190 Background: Practice-pattern data, evidence-based knowledge and transfer, and performance management strategies define Cancer Care Ontario’s quality improvement strategy. Knowledge products, such as practice guidelines, are intended to provide recommendations for practice, based on best available evidence, to improve quality of care and reduce variation in practice. Review of 2010-2011 Cancer System Quality Index (CSQI) data revealed complex practice patterns in treatment of non-small cell lung cancer patients with stages II and IIIa resected and stages IIIa and IIIb non-resected disease in Ontario. A multi-method study was initiated to understand the patterns, to identify if a quality of care problem exists and to propose improvements moving forward.
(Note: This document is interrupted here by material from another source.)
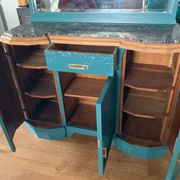 Art deco sideboard restyled blue green duck, marble top, brass handles, vintage shabby chic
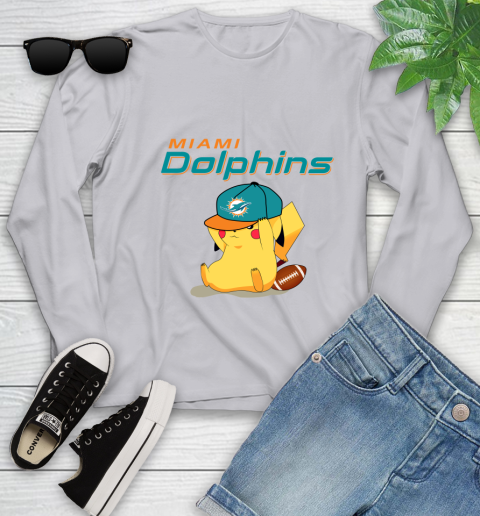 NFL Pikachu Football Sports Miami Dolphins Youth Long Sleeve 5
Methods: Surgeons, medical oncologists and radiation oncologists from Ontario were invited to participate in a survey consisting of 6 areas of inquiry. A grounded theory approach was used to guide key informant interviews of purposively sampled clinicians and administrators. A more in-depth analysis of the CSQI data was planned. Results: Clinicians responding to survey provided positive assessments of PG recommendations and evidentiary base; perceptions of practice patterns were less problematic than hypothesized; estimates of benchmarks were highly variable; and assessments of barriers to recommendation implementation included slow referral process, lack of organization support and patients seen in practice not reflected in the evidence. From the interviews, 5 themes emerged: unique patient, unique physician, family, clinical team, and clinical evidence. Further analysis of CSQI data was not possible given limitations related to data collection. Conclusions: A perceived quality of care problem initiated this study. Concerns centred on significant proportion of patients receiving no treatment; modest percentage of patients receiving treatment that aligned with PG recommendations; and regional variation within each of the clinical care options. Our data show that defining a quality of care problem is significantly more complex than consideration of practice patterns alone.